I don't know this can be worse than a dedicated database with all data or not?

Best Answer

The gotcha with sharding is that the application has to know which shard to query. Generally, this is done by sharding on something like client. I'll adapt one of my old blog posts to use as my answer.

When you’re building an application for lots of clients, there’s two common ways to design the database(s):

  • Option A: Put all clients in the same database
  • Option 2: Build one database per client

Putting All the Clients in the Same Database

It’s simple: just add a Client table at the top of the schema, add a ClientUsers table to make sure people only see their own data, and away we go.

Benefits of this approach:

Easier schema management. When developers deploy a new version of the application, they only have to make schema changes in one database. There’s no worries about different customers being out of sync or on the wrong version.

Easier performance tuning. We can check index usage and statistics in just one place, implement improvements easily, and see the effects immediately across all our clients. With hundreds or thousands of databases, even the smallest change can be difficult to coordinate. We can check our procedure cache contents and know for certain which queries or stored procedures are the most intensive across our entire application, whereas if we’re using separate databases per client, we may have a tougher time aggregating query use across different execution plans.

Easier to build an external API. If we need to grant access to our entire database for outsiders to build products, we can do that easier if all of the data is in a single database. If the API has to deal with grouping data from multiple databases on multiple servers, it adds development and testing time. (On the other hand, that “multiple servers” thing starts to hint at a restriction for the one-database-to-rule-them-all scenario: one database usually means all our load impacts just one database server.)

Easier high availability & disaster recovery. It’s really, really simple to manage database mirroring, log shipping, replication, and clustering if all we have to worry about is just one database. We can build a heck of an infrastructure quickly.

Putting Each Client in its Own Database or Shard

You still need a client listing, but now it becomes a directory - for each client, you also track the shard it lives in. On startup, your app queries this table, and caches it in RAM. When it needs data for a client, it connects directly to that shard (database & server).

Benefits of this approach:

Easier single-client restores. Clients are unreliable meatbags. (Except mine – they’re reliable meatbags.) They have all kinds of “oops” moments where they want to retrieve all of their data back to a point in time, and that’s a huge pain in the rear if their data is intermingled with other client data in the same tables. Restores in a single-client-database scenario are brain-dead easy: just restore the client’s database. No one else is affected.

Easier data exports. Clients love getting their hands on their data. They want the security of knowing they can get their data out anytime they want, avoiding the dreaded vendor lock-in scenario, and they want to do their own reporting. With each client’s data isolated into their own database, we can simply give them a copy of their own database backup. We don’t have to build data export APIs.

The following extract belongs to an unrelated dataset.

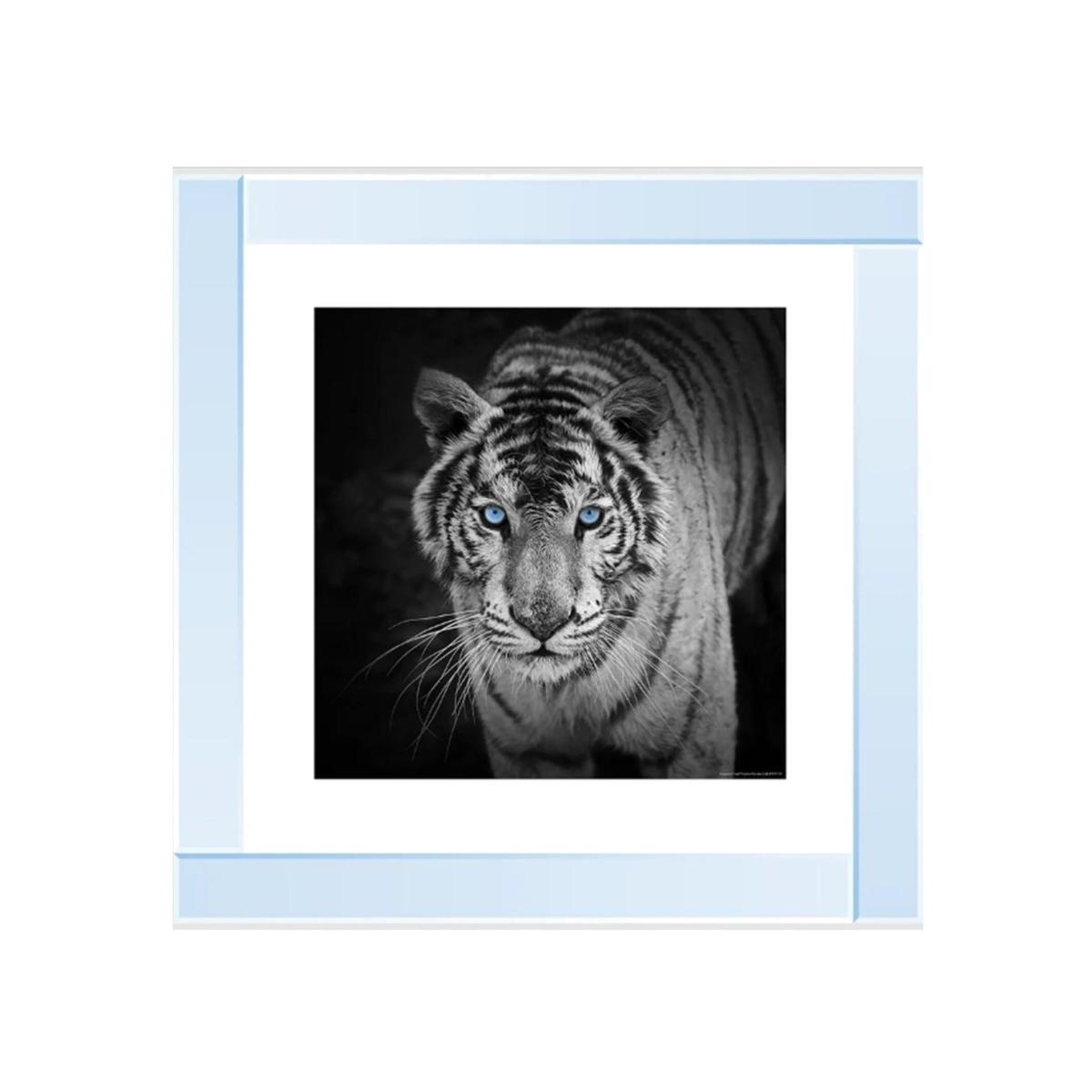 Blue Eyes Tiger Glitter Liquid Wall Art Decor - Silver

Easier multi-server scalability. When our application needs more power than we can get from a single server, we can divide up the databases between multiple servers. We can also spread out the load geographically, putting servers in Asia or Europe to be closer to clients.

Easier per-client performance tuning. If some clients use different features or reports, we can build a specialized set of indexes or indexed views just for those clients without growing everyone’s data size. Granted, there’s some risk here – by allowing schema differences between clients, we’ve just made our code deployments a little riskier and our performance management more difficult.

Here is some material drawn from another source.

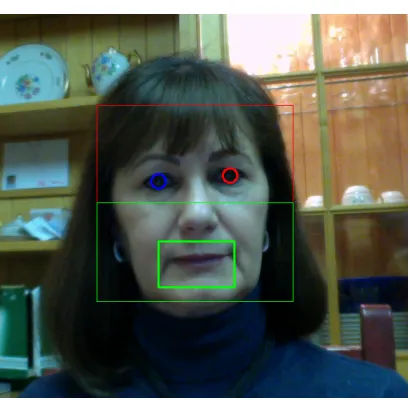 Fig. 1.Face, eyes, and lip detection in real time with annotatedface ROI of aspect ratio 1:1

Easier security management. As long as we’ve properly locked down security with one user per database, we don’t have to worry about Client X accessing Client Y’s data. However, if we just use a single login for everyone, then we haven’t really addressed this concern.

Easier maintenance windows. In a global environment where customers are scattered around the globe, it’s easier to take customers offline for maintenance if we can do it in groups or zones.

Which one is right for you?

There’s no one right choice: you have to know your own company’s strengths and weaknesses. Let’s take two of my clients as examples.

Company A excels at hardware performance tuning. They’re really, really good at wringing the very last bit of performance out of hardware, and they don’t mind replacing their SQL Server hardware on a 12-18 month cycle. (They refresh web servers every 4-6 months!) Their Achilles’ heel is extreme compliance and security requirements. They have incredible auditing needs, and it’s just easier for them to implement bulletproof controls on a single server, single database than it is to manage those requirements across thousands of databases on dozens of servers. They chose one database, one server, many clients.

Company 2 excels at development practices. Managing schema changes and code deployments across thousands of databases just isn’t an issue for them. They have clients around the world, and they’re processing credit card transactions for those clients around the clock. They need the ability to spread load geographically, and they don’t want to replace servers around the world every 12-18 months. They chose one database for each client, and it’s paying off as they start to put SQL Servers in Asia and Europe for their offshore clients.